“Who’s gonna fly your plane when you need to make your getaway?”

“The Getaway” by Athlete | There’s a memory I associate with this song that I probably should not even try to remember, mostly because there’s no point in doing so. So yes, this is perhaps my favorite song off Athlete’s fourth album Black Swan, the English band’s quietly-released take on beginnings and endings. The album’s lead single, “Superhuman Touch”, sounds like what it’s called: a technicolor anthem of love, love and, well, love. A friend described it, perhaps rightly, as very romantic. But this friend was getting on my nerves at the time; she always had the need to prove that she’s better by showing this and that off. And another friend of mine, who I met through the former, shared the same views, and we got a bit close because of it, going as far as plotting some comic strip project that parodies this very thing. “Besides,” I told the latter, “she’s wrong; ‘The Getaway’ is a more romantic song than ‘Superhuman Touch’.” I was going for gloopy, but she agreed with me, and I liked that she did, but not the fact that, months later, when my emotions went haywire and I decided I was in love with her when I wasn’t supposed to, she pretty much jerked me around. I remember this now without feeling anything, not even anger, mind; I am now happily in a relationship, my first, and hopefully my last. As I said, I should not even try to remember that thing I associate with “The Getaway”. (The version I posted here must be an American cut: it’s terrible and clichéd and, well, off. Try the album version.) But then again, I have written it down. [NB]

“I need some more of you to take me over.”
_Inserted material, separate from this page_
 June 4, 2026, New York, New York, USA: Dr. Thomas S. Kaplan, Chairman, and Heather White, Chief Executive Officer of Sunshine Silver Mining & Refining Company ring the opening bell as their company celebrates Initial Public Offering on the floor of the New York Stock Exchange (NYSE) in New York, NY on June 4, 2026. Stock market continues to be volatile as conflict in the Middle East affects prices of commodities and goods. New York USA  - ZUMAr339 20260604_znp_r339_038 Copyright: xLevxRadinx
“Chances” by Athlete | I don’t watch Doctor Who. Again, don’t hate me. I just haven’t had the time, but thanks to my Whovian sister (and the TARDIS guidebook she had bought from London) and the fact that I wrote about television for a good three years, I’d like to think I know a fair bit about the show. What I didn’t know is that this song by Athlete was known to many as that song from that Doctor Who episode featuring Vincent Van Gogh, from that scene where they realize he still committed suicide, and the Twelfth Eleventh tries to convince Amy that everything still worked out fine… yeah, I blame my sister completely. I discovered Athlete on Top of the Pops, when I fell in love with “Wires” – which many people apparently know off The Vampire Diaries – and the album where both songs came off, Tourist, was sold here – those were the days when our record stores sold a hell lot of things. It’s a brave decision, in hindsight, to kick off the album with this song, a ballad that doesn’t feel out of place in that film trope where a dejected man looks out of a café window on a rainy day and feels everything. But hey, it’s a good song. It does punch a wallop, especially the end, the bit when everything goes up, towards that last note, that last fade. It will shed a tear in your eye. No wonder the Whovians love that Doctor Who episode so, so, so much.